Naturally, then, the Blue Knights will forfeit the last two games of the season. School district officials will collectively punish the entire Lunenburg High School football team (and two other teams that would like to play football) for some completely unidentified knucklehead’s actions, reports the Boston Herald.

The two games had been postponed already. One of the now-canceled games is a much-anticipated Nov. 27 battle against hated rival St. Bernard’s Central Catholic just down the road in Fitchburg.

“That was a decision made by the superintendent and the school committee,” proclaimed Kerry Speidel, the town manager. “I feel it is the right decision.”

Local police and the FBI are investigating the incident, which first came to light on Friday when Phillips’s mother found the spray-painted graffiti.

It’s not clear what the graffiti said.

The boy’s mother is white.

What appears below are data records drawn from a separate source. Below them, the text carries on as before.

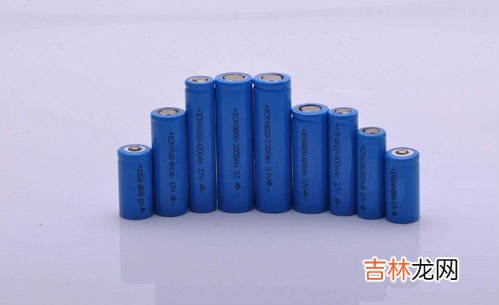 锂电池属于几类危险品,锂电池是危险品吗?可以运输吗?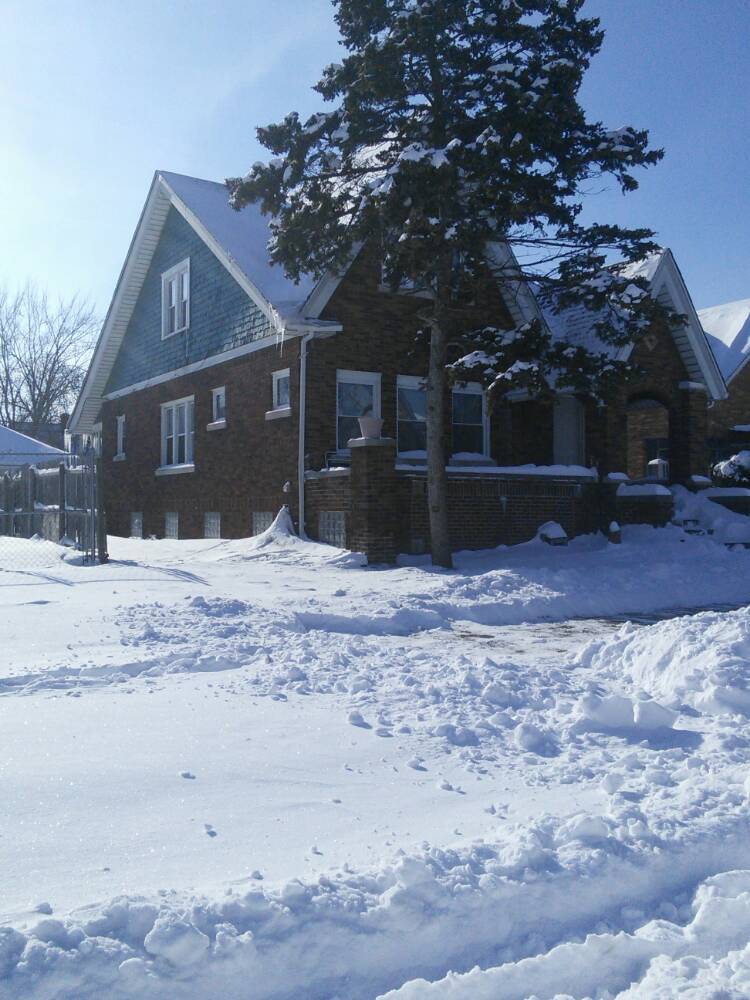 blext.jpg?t=1469110276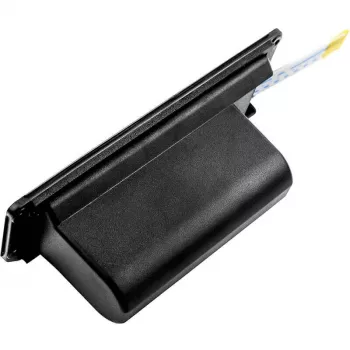 CAMERON SINO náhradní baterie 3400mAh pro Bose SoundLink Mini 2 - 088789 088796 088772 080841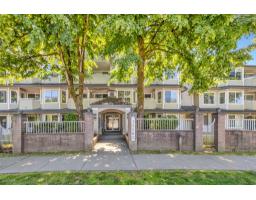 406 12160 80 AVENUE, Surrey, British Columbia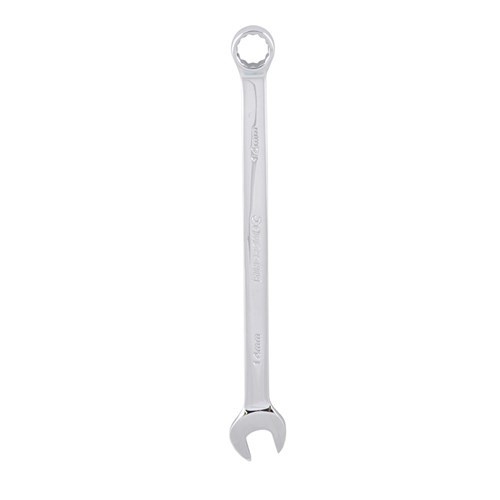 Mirror Polish Combination Spanner 14mm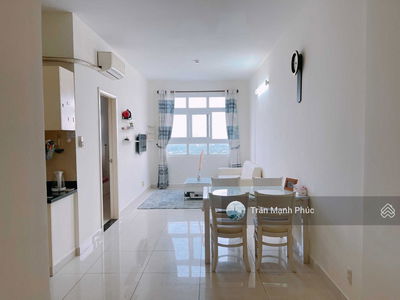 Sunview Town, Vietnam Sunview Town, Vietnam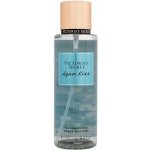 Victoria´s Secret Aqua Kiss tělový sprej 250 ml – Sleviste.cz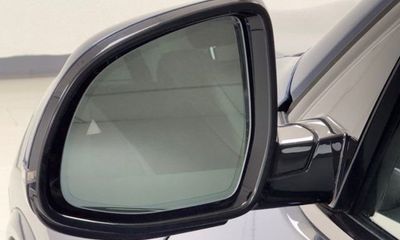 2019 BMW X4 xDrive30i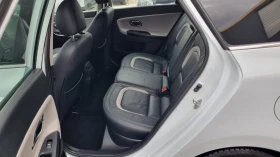 Kia Ceed 1.6i* GPL* ����� ��������*  | Mobile.bg � ����� ������ 12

His father is half-black.

The father, Anthony Phillips, has criticize the school for failing to respond to allegations that his son had been hazed by other students. The elder Phillips supports the decision to cancel the rest of the season.

“It’s drastic, but sometimes drastic things have to happen,” he told the Herald.

At a long, passion-filled Wednesday school board meeting attended by over 100 current and former students, others agreed that the football season should be canceled.

“I just can’t get over the mentality that you would think that a game should be played after something like this occurred,” said one unidentified attendee, according to Boston Fox affiliate WFXT.

Other people argued that it’s not fair to penalize an entire football team — and all the students and fans rooting for that football team — because one person who may or may not have something to do with the football team did something wrong.

The school board has not called off school itself despite the racist graffiti. The eighth-grader has stayed home from school all week. It’s not clear if he is going to return.